Toronto Blue Jays shortstop Troy Tulowitzki is seemingly out for the remainder of the season with an injury. Yet, is the damage a tragedy or a blessing?

Nobody would wish an injury on any player, especially one who has earned the respect of MLB fans like Troy Tulowitzki for 12 seasons. However, the way the Toronto Blue Jays have tried to build an offense over the last few seasons has been flawed to a degree, making the Tulowitzki injury unfortunate but not too fatal.

As Ben Nicholson-Smith of Rogers Sportsnet reported on Twitter, Tulowitzki was moved to the 60-day DL, putting the rest of his season in serious doubt.

The five-time All Star, two-time Gold Glove winner and two-time Silver Slugger winner was brought to Toronto through a trade with the Colorado Rockies, when the Blue Jays realized their shortstop at the time, Jose Reyes, could not play the position well enough for the team to make a playoff run. The Rockies had a youngster coming through the ranks to fill in for Tulowitzki, so he and his remaining contract of $129 million became expendable.

The Blue Jays saw it as a great investment, as Tulo was playing shortstop like a vacuum that could suck up any ground ball and fire it to first base from anywhere on the field in time to get the out. His bat in Colorado was not too bad, either. At the time of the trade, Tulowitzki was hitting .300 with 12 home runs and 53 RBI. His average was never below .280 since 2008, so the thought was that the Rogers Centre would act as a launching pad for Tulowitzki, almost as good as the park in Colorado.

Instead, Tulowitzki’s batting average dipped to .250 for the two and a half seasons he has been with the Blue Jays. He had only five home runs and 17 RBI to finish off the 2015 regular season. While he collected 16 RBI in the last two Blue Jays playoff runs, many of those runs came from his three home runs while he struck out 18 times and had a pitiful batting average throughout.

There lies the problem: The Blue Jays are on the hook until 2021 for a 32-year-old who is looking at his best hitting years in the rear-view mirror.

Tulowitzki was hitting .249 with seven homers and 26 RBI before the injury. So far, the Blue Jays have had to put Tulo on the shelf due to injury three times: a right quad strain in 2016, a strained right hamstring in April and the current sprained right ankle.

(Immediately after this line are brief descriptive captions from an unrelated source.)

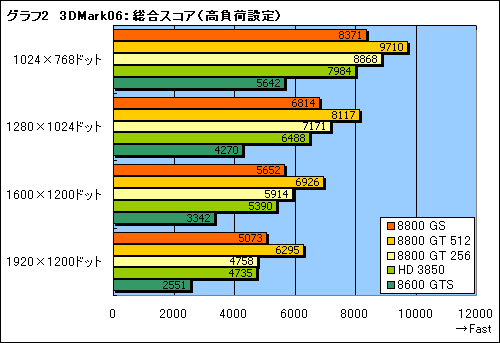 画像ギャラリー No.013のサムネイル画像 / 2月6日発売。新GPU「GeForce 8800 GS」のレビューを掲載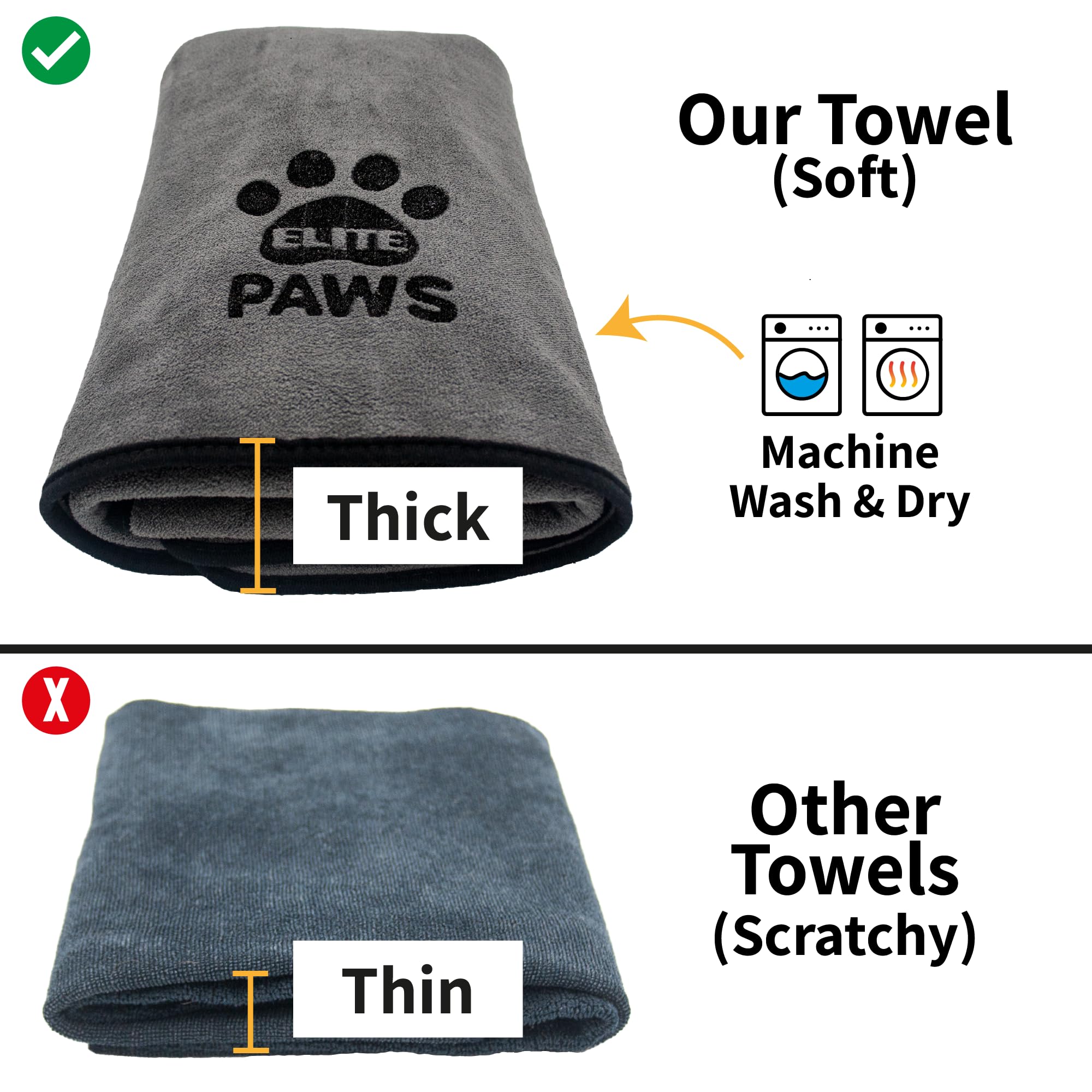 Elite Paws® UK Ultra-Absorbent Dog Towel – Large 140x70cm Super Soft Microfibre Pet Drying Towel, Quick-Dry & Machine Washable, Ideal for Dogs, Cats & Puppies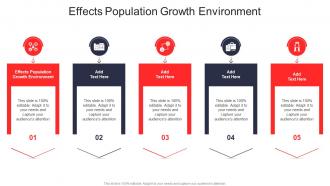 Effects Population Growth Environment In Powerpoint And Google Slides Cpb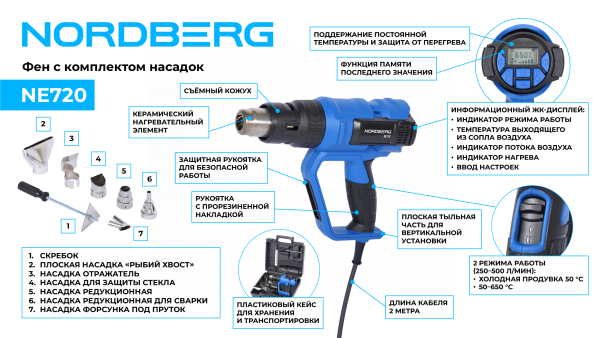 Фен с ЖК-экраном, 6 насадок, в кейсе, 50-650 °С, 2000 Вт ne720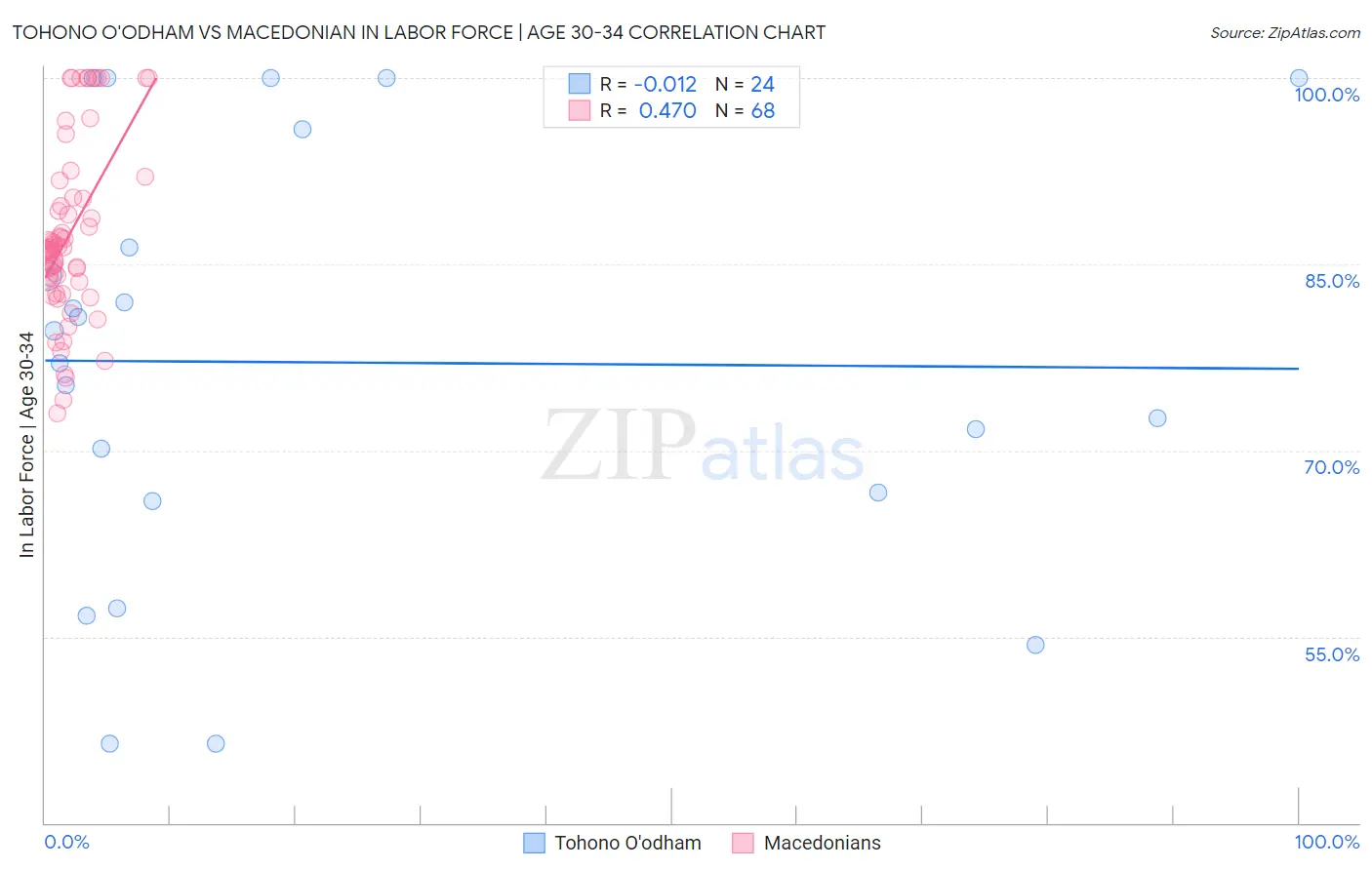 Tohono O'odham vs Macedonian In Labor Force | Age 30-34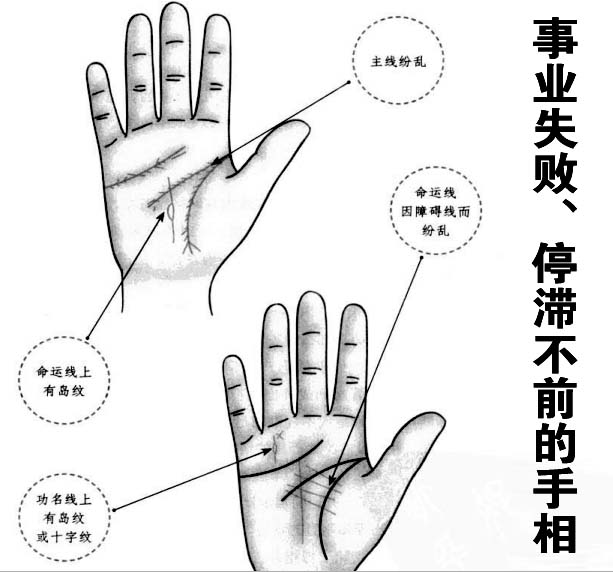 什么样的手相注定事业失败透顶?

While Tulo fans ponder why he keeps injuring his right leg in some fashion, critics would turn to a few numbers this season to suggest that his loss is not a huge one. Tulowitzki’s 17 walks to 40 strikeouts has not helped his .300 on-base percentage much. According to FanGraphs, he pulled the ball 41.6 percent of the time while grounding out at a rate of 52.5 percent. The majority of his swings have been at pitches inside the strike zone (62.4 percent) and he makes contact with those pitches almost every time (90.4 percent), suggesting it’s not so much his eye for strikes as it is getting crossed up on which pitches that he should hit.

And it’s not just Tulo: The Blue Jays have had a history of overemphasizing the long ball to their detriment.

Photo by Tom Szczerbowski/Getty Images
Photo by Tom Szczerbowski/Getty Images /

Currently, the Blue Jays are seventh in the American League in hitting home runs as a team. In 2016, they were third. In 2015, they led the league with 232 home runs. However, while the Blue also led the league in runs scored that year, they have fallen to 14th out of 15 teams in runs scored this season. They are dead last in the A.L. East division this year because of the run drought, as well as from injuries and poor pitching.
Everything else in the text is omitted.